Human benefit from fly's tiny brain
The study of Drosophila (a fruit fly) can help isolate and test key genes related to memory, and manipulate certain compounds linked with brain "circuitry".
Think twice before swatting one of those pesky flies - they could provide insights into Parkinson's disease or depression.
Researchers have found that the study of Drosophila (a fruit fly) can help isolate and test key genes related to memory, and manipulate certain compounds linked with brain 'circuitry'.
'It could influence our understanding of the cognitive decline associated with Parkinson's disease and depression in humans,' said Troy Zars of the University of Missouri.
The idea that animals have a system that can match the quality of a memory with the significance of the memory is well established. If the event is significant, the memory and detail surrounding it is much stronger, lasts longer and is more easily recalled compared to more insignificant or common events.
The problem the new study addresses is the understanding of the mechanism by which that occurs.
Findings of the study have been published in the Proceedings of the National Academy of Sciences.
'We have developed a strategy to address how this matching occurs, so we can 'turn that crank' over and over again. It allows us to answer the questions like what gene is it, how does it function, how does it interact with other proteins. We can find brand-new, completely unexpected things,' Zars said.
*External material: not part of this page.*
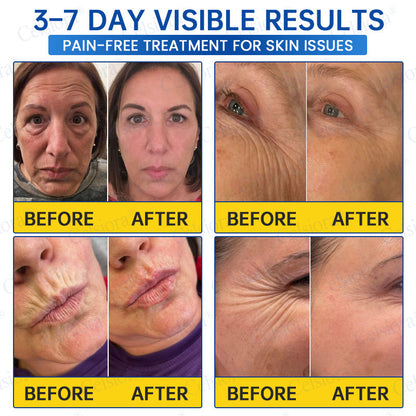 💙🥽Made and shipped from Australia💫Celsiora® Botox & PDRN Anti-Wrinkle Shot – Lift & Firming Cream- Last Day Promotion 70% OFF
A major goal of neuroscience is to discover and study memory-forming structures within a brain. Zars said he works with Drosophila because it is a well-established genetic model, has a relatively less complex brain than the mouse or human (250,000 neurons versus 100 billion neurons), and has a broad repertoire of behaviours.
Memory in the flies was tested using a specialised chamber in which single flies were allowed to wander freely. The chamber was outfitted with heating elements.
When the fly moved to a particular side, the whole chamber rapidly heated to an uncomfortable temperature. The flies eventually learned, or remembered, to avoid that half if brain 'circuitry' is functioning properly.
A mutation in certain flies, however, altered the levels of serotonin and dopamine, which resulted in lower memory scores.
'This research is important because by studying a simple brain it will help us ultimately understand complex neural systems,' Zars said.